Image-text web data
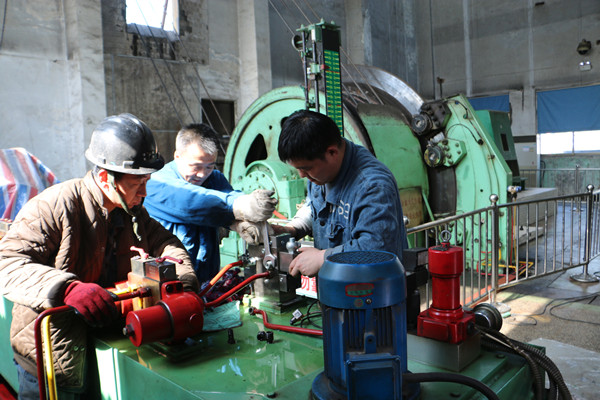 欢城煤矿认真执行新《煤矿安全规程》标准保安全 (1)_副本.jpg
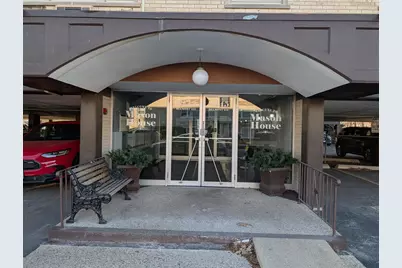 8245 W Belmont Avenue #4L, River Grove, IL 60171 - Photo 2
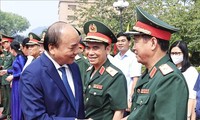 Президент Нгуен Суан Фук посетил 1-й военный округ
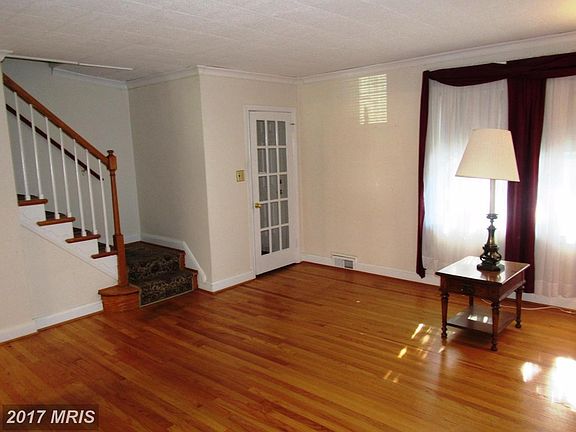 Foyer entrance to Living Room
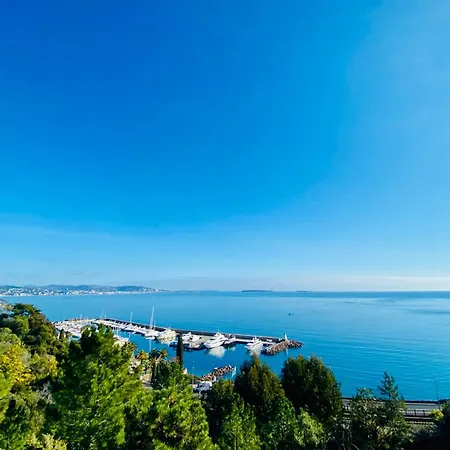 Ferienhaus Magnifiques Vue Panoramique Théoule-sur-Mer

> _Activity_:
Output, exactly and only, the lines beginning with the one that contains "8245 W Belmont" and ending at the last line of the records above. Drop the pictures.

> _Response_:
 8245 W Belmont Avenue #4L, River Grove, IL 60171 - Photo 2
 Президент Нгуен Суан Фук посетил 1-й военный округ
 Foyer entrance to Living Room
 Ferienhaus Magnifiques Vue Panoramique Théoule-sur-Mer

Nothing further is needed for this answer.